# DIY spring bobbers



## bloo_gilz (Jan 7, 2001)

I saw some recent talk about spring bobbers. Well, last year I had trouble finding my favorite too (I think it was Snyder?). While I was at Frank's my fly fishing bud had a great idea. We bought some wire leader made by Mason it is .011 diameter.You get 25' for $1.50.This stuff works great! Very sensitive. Got some beads for a couple bucks and we made our own.
Making em yourself is fun and cheap.My son actually enjoys it too much !Every nite -Dad can we make more ?-I'm running out of rods !
Anyhow if you're feeling crafty you guys might want to try it.Plus you can customize em how you like. Also, I use thread and nail polish to secure..
Good fishin' to all...Mark


----------



## bloo_gilz (Jan 7, 2001)

My eyes are getting bad so I made a line threader out of the same wire.The jig in pic is very small..Mark







[/IMG]


----------



## RyGuy525 (Mar 17, 2005)

The one to the far right looks awesome! I've never seen a design like that one. Great work.


----------



## mpatmcg (May 3, 2005)

Nice job! They all look great!

Might want to repost in this thread too:
http://www.michigan-sportsman.com/forum/showthread.php?t=120812

Mike


----------



## Burksee (Jan 15, 2003)

Very Cool! I might have to stop by Franks on my to/from TUT this weekend and pick some up! I was thinking about trying some guitar or piano string, I love the idea of looping it and attaching it via fly tying thread! Very clean looking!  
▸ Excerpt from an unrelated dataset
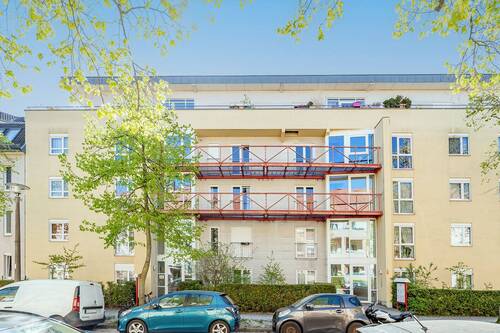 Hausansicht - Helle 2-Zimmer-Wohnung mit Balkon in Adlershof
Walleye Mike has a "Inventions" for icefishing thread going as well, might wanna drop these in there too! :idea:


----------



## William H Bonney (Jan 14, 2003)

Thats very similiar to how I do mine. Except I bend it "up" and "off to the left a bit"


----------



## sfw1960 (Apr 7, 2002)

You can also use a coil spring from a retractable ball point pen with incredible sensitivity - just kinduva a pain to thread - but really great sensitivity....
Ya can also ch0p off the "eye" end of guitar & bass strings & have a hey day with those too 

Now your homebrews there.....
I'd rate those puppies partly to mostly sCHwEET!

:coolgleam

BTW - I see a Jiggin Rap in the backround !!!
LOL!!

:corkysm55

*R*


----------



## ficious (Aug 28, 2002)

Been using the flint spring from a Bic lighter for years, just heat shrink them to the tip.

Harry


----------